こうやって生まれた子犬達は、他の村の家に売られたりしてますます勢力を拡大していきます。そういえば、カトマンズ、ニューロードで、チベタン・マスティフの子犬を販売している人がいました。写真と同じ黒一匹と茶黒一匹で、価格はそれぞれ3500ルピー(4200円)。 -
この後、ダンプー、カロパニ、レテと集落が続きます。ダンプー辺りから、家の建築スタイルに変化があるのに気づくかもしれません。これまではチベット式の屋根が平らな建物ばかりでした。これが、ダンプーを境に、スレートやトタンの傾斜のある屋根に変わるのです。この辺りはダウラギリ(8167m)とアンナプルナI(8091m)の中間にあり、世界で最も深い谷のひとつ。川や谷も大きく方向を変え、気候にまで影響を与えます。
コケタンティから40分程歩き、再び西岸のジープ道に渡ってカロパニに到着です。カロパニやレテは宿が多く、景色のよい場所ですが、今日は天気が悪いので、先を急ぎます。
写真: レテから見たカロパニの集落とダウラギリ。 -
[MTB軍団現る]
カロパニから30分、レテから伸びる近道を歩いた後、吊橋でジープ道と合流します。ここでは、ガンダキ川はすでに川幅が狭くなっており、谷のずっと下のほうを激しく流れます。
橋を越え、ジープ道まで登った時、突然、マウンテンバイクの集団が風を切るように通過していきました。彼らは日本人のグループのようで、少し遅れてサポートのネパール人が続きます。「そうか、そういう手があったな..」私は思わず感心してしまいました。これまで「アンナプルナを自転車で走る」という発想は全く持ってなかったからです。

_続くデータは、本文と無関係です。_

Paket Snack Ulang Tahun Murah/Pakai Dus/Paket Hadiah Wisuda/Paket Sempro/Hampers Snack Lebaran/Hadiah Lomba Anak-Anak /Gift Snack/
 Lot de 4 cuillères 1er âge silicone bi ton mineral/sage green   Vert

写真:クールなツーリング集団。ただし、道はデコボコなのでお尻は痛いはず。 -
現在、ムクティナート - タトパニ - ベニ - ポカラと道路が繋がっています。ベニから上は、未舗装のジープ道ですが、道幅も広く基本的に緩やかな道です。つまり、マウンテンバイクで疾走するのには、ちょうどいいコースなのです。道路の整備はトレッカーにとってマイナスですが、サイクリストにとってはポジティブな変化と言えるでしょう。この旅行を企画したひとは実に頭がいい。
しかし、問題点がないわけではありません。ひとつは、全体的に下りは登りほど景色が良くないこと。もう一つは今回のように道路が工事で寸断される可能性があることです。それはさておき、彼らは飛行機でジョムソンまで移動したのでしょうか。小型飛行機に、たくさん自転車を積むスペースがあるのでしょうか。疑問は尽きません。 -
[ヒマラヤのサイクリング事情]
アンナプルナ・サーキットを自転車で走る、というアイデア自体は新しいものではありません。道路が整備される前からあり、ネパ社から「Biking around Annapurna」(780ルピー)という専用の地図まで出ています。アンナプルナの他にも、カトマンズ盆地や、カトマンズからチベット・ラサへのルートなど、サイクリスト向けの地図が発売されています。
この中では、やはりアンナプルナが一番特殊です。そもそもトレッキング道を自転車で走るわけですから、いろいろな困難がつきまといます。 -
地図を開いて見てみると、通常の地図の上に、各区間の自転車での所要時間、高度差、ルートの難易度などが記されています。例えば、ある区間は100%自転車が使える「Easy」な道。ある区間は自転車を担がなければならない「100% Carry」な区間など。ほとんどの区間はRide(乗る)、Push(押す)、Carry(担ぐ)の組み合わせのため、その割合がパーセントで表示されます。
とても有用な地図なのですが、発行が2001年のため、いささか情報が古くなっています。2009年現在、ムクティナートから西は、ほとんど「Easy」な道といって問題ないでしょう。だからあのようなツアーが成立するのです。 -
では、アンナプルナ・サーキットの東側はどうでしょう。西側と比べると、まだまだ道路の整備が遅れています。私が特に気になるのは、どうやって5416mのトロンパス(写真)を越えるのか。歩いても一日がかりなのに、自転車を担ぐとなると...想像もつきません。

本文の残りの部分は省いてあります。